DiVAE configs can be found in cfgs/default/tokenization/divae.
To train a Diffusion VQ-VAE on a 8 GPU node, run:
OMP_NUM_THREADS=1 torchrun --nproc_per_node=8 run_training_divae.py \
--config cfgs/default/tokenization/divae/<config>.yaml \
--data_path /path/to/dataset/train/ \
--eval_data_path /path/to/dataset/val/
Diffusion decoders can be expensive to train, and we've had success with initializing them with pre-trained diffusion models, specifically Stable Diffusion.
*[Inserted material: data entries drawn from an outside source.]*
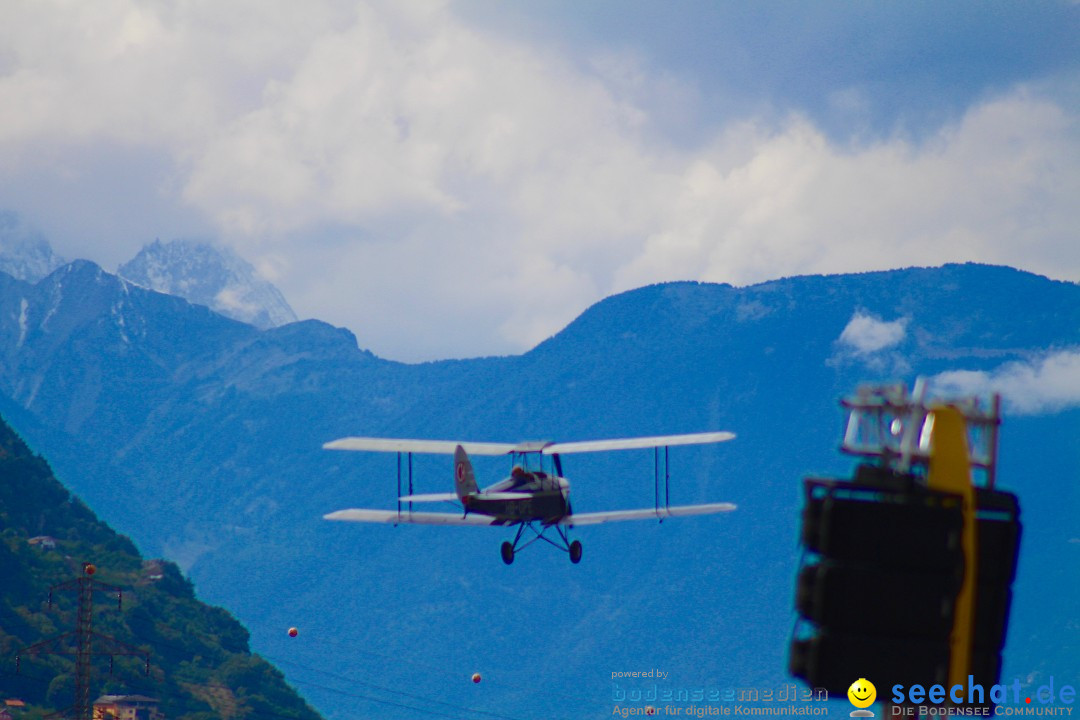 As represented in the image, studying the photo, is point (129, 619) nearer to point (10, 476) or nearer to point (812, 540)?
point (10, 476)

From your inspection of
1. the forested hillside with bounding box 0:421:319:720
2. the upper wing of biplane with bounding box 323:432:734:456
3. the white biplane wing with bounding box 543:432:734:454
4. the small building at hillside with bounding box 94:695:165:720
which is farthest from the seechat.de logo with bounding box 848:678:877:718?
the forested hillside with bounding box 0:421:319:720

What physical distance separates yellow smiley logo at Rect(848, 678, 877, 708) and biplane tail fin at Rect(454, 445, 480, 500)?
53289 millimetres

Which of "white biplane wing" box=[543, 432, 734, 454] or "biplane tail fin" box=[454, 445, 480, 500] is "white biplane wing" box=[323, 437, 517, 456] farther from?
"white biplane wing" box=[543, 432, 734, 454]

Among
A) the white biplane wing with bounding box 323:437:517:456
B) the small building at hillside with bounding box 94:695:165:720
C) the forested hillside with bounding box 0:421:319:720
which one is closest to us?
the white biplane wing with bounding box 323:437:517:456

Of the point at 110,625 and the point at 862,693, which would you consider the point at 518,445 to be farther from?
the point at 110,625

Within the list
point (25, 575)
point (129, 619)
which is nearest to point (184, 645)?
point (129, 619)

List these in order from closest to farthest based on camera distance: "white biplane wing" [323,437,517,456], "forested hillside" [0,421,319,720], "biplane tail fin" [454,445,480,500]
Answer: "biplane tail fin" [454,445,480,500] < "white biplane wing" [323,437,517,456] < "forested hillside" [0,421,319,720]

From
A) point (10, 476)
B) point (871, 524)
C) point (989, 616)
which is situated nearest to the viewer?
point (871, 524)

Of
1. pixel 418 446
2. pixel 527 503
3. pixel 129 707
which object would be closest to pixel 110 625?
pixel 129 707

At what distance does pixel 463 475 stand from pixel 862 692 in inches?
2146

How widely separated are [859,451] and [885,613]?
1.86m

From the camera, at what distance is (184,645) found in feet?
548

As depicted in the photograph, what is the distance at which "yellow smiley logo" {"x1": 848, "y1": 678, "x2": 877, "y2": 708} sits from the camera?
41.9 ft

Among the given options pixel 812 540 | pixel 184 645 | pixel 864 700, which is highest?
pixel 812 540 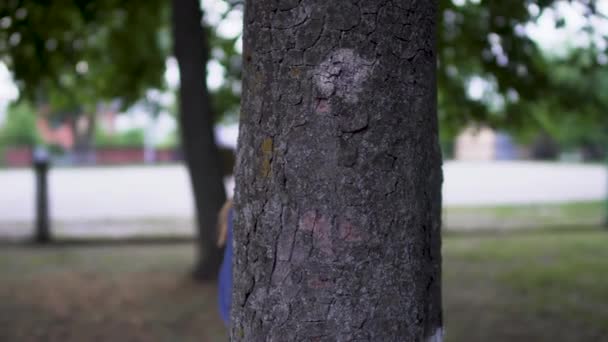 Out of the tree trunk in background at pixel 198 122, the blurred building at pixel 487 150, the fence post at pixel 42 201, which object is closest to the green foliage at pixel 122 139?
the blurred building at pixel 487 150

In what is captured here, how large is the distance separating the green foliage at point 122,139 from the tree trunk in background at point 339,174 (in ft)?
167

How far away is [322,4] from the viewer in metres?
1.63

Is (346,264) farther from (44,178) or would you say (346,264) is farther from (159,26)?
(44,178)

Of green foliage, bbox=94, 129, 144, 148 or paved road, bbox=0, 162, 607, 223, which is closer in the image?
paved road, bbox=0, 162, 607, 223

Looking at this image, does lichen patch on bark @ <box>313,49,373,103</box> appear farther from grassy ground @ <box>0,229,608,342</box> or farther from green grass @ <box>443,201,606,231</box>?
green grass @ <box>443,201,606,231</box>

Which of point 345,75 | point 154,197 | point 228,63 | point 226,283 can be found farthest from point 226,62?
point 154,197

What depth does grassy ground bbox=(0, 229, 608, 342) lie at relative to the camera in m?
5.61

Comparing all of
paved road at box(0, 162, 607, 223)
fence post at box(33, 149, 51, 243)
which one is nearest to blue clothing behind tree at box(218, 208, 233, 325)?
fence post at box(33, 149, 51, 243)

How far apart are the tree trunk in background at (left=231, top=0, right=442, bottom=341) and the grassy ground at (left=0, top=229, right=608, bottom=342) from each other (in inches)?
158

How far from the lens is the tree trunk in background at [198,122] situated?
6902 mm

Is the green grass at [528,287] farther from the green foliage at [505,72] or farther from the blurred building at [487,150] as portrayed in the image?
the blurred building at [487,150]

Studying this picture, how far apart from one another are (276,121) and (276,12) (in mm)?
289

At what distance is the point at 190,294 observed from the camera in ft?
22.7

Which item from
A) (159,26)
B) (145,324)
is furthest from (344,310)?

This can be seen as training a ControlNet on top of tokens from a frozen VQ-VAE encoder, and is significantly cheaper than training a diffusion decoder from scratch, but comes at the cost of a heavier decoder.
VQ-ControlNet configs can be found in cfgs/default/tokenization/vqcontrolnet.
To train a ControlNet detokenizer on a 8 GPU node, run:
OMP_NUM_THREADS=1 torchrun --nproc_per_node=8 run_training_vqcontrolnet.py \
--config cfgs/default/tokenization/vqcontrolnet/<config>.yaml \
--data_path /path/to/dataset/train/ \
--eval_data_path /path/to/dataset/val/
For sequence modalities that can be represented as text (e.g. captions or bounding boxes), we train a standard WordPiece tokenizer using the HuggingFace Tokenizers library. The text tokenizer is shared across these modalities, and can be found under fourm/utils/tokenizer/trained/text_tokenizer_4m_wordpiece_30k.json
. Please refer to train_wordpiece_tokenizer.py
for more implementation details and instructions on how to train a similar tokenizer on your own datasets.
Please see the download links and Hugging Face Hub examples in the README.md. To load .pth
checkpoints manually, please see the get_image_tokenizer
function in vq/__init__.py
. By default, the function expects the tokenizer checkpoints to be placed in the repository root under ./tokenizer_ckpts
. We recommend loading using Hugging Face Hub or the provided safetensors.
When training 4M models, we want to reduce data loading and preparation time as much as possible, hence we pre-compute and store the tokenized versions of all modalities and avoid running the tokenizer encoders during 4M training. Once the tokenizer networks are trained, please follow the instructions in README_DATA.md on how to pre-compute the tokens.